■ **What needs to be done**
Starting at the first line of the data, print every line up to and including the one with "Rimmel London Brow", but no pictures.

#### Provided material ####

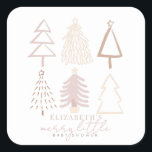 Sticker Carré Baby shower Boho Pink Christmas Trees<br><div class="desc">Cet auto-collant de baby shower de vacances "joyeux petit baby shower" propose des arbres de Noël dans des tons roses poussiéreux. Personnalisez-le selon vos besoins. Vous pouvez trouver des produits correspondants dans mon magasin.</div>
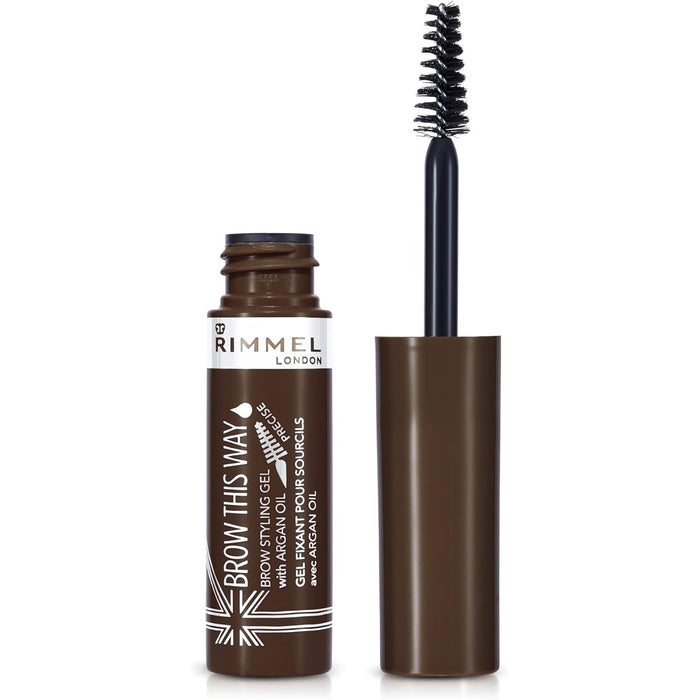 Rimmel London Brow This Way Styling With Argan Oil Eyebrow Gel 003 Dark Brown - Beautynstyle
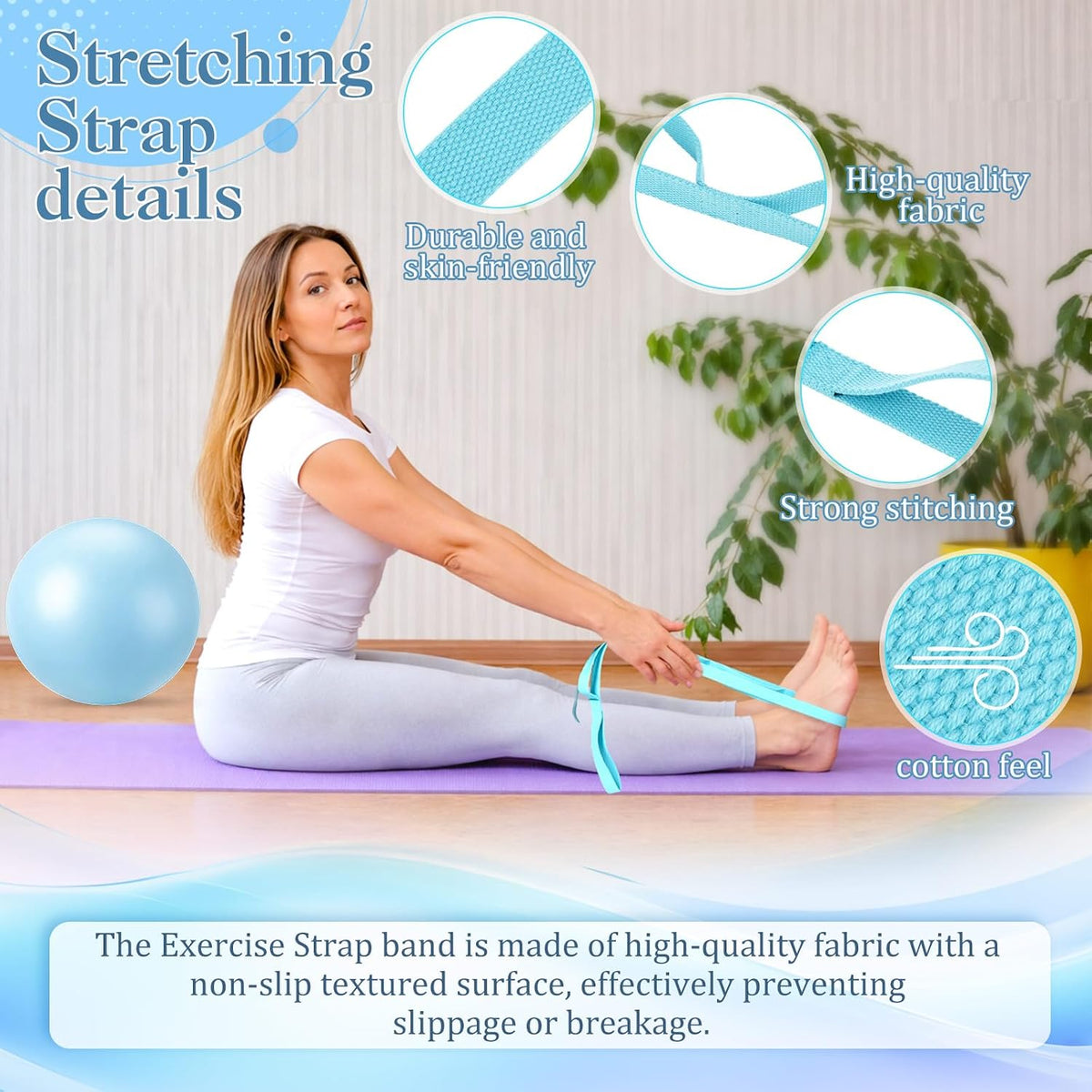 6-in-1 Yoga Balls and Yoga Block Set with Strap Foot Pump, Exercise Pregnancy Balls for Birthing, Pilates Kit Fitness Physical Therapy Home Gym Workout Equipment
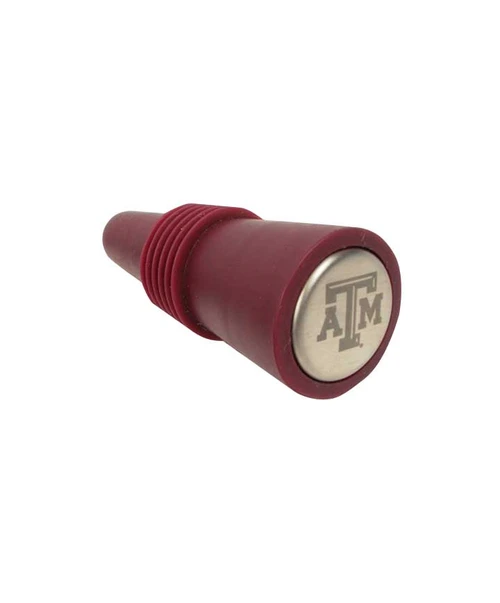 Texas A&M Aggies maroon rubber wine stopper with Texas A&M logo on top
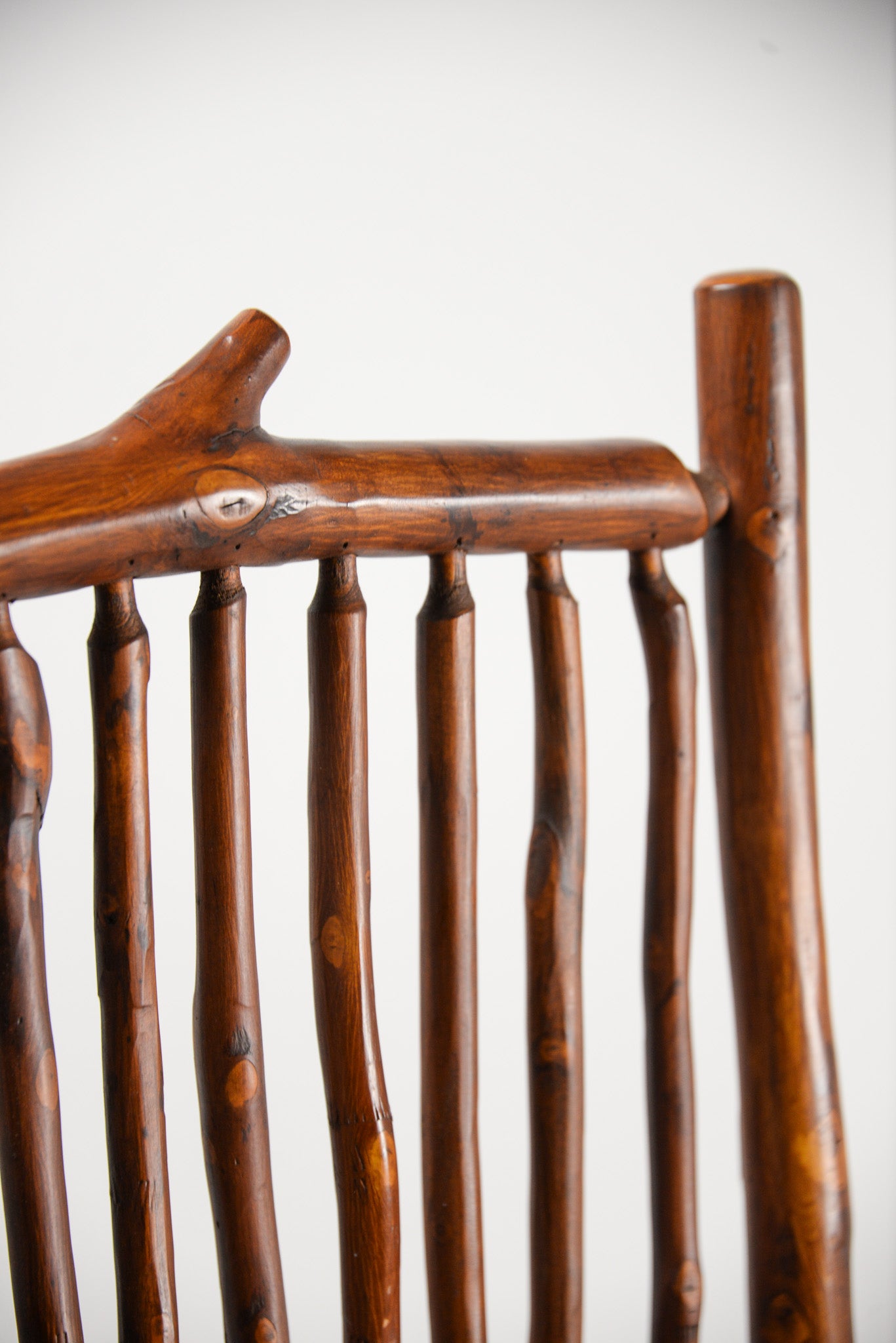 High Back Spindle Chair with Leather Seat / レザー座面 木のスピンドルチェア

####

■ **Worked solution**
 Sticker Carré Baby shower Boho Pink Christmas Trees<br><div class="desc">Cet auto-collant de baby shower de vacances "joyeux petit baby shower" propose des arbres de Noël dans des tons roses poussiéreux. Personnalisez-le selon vos besoins. Vous pouvez trouver des produits correspondants dans mon magasin.</div>
 Rimmel London Brow This Way Styling With Argan Oil Eyebrow Gel 003 Dark Brown - Beautynstyle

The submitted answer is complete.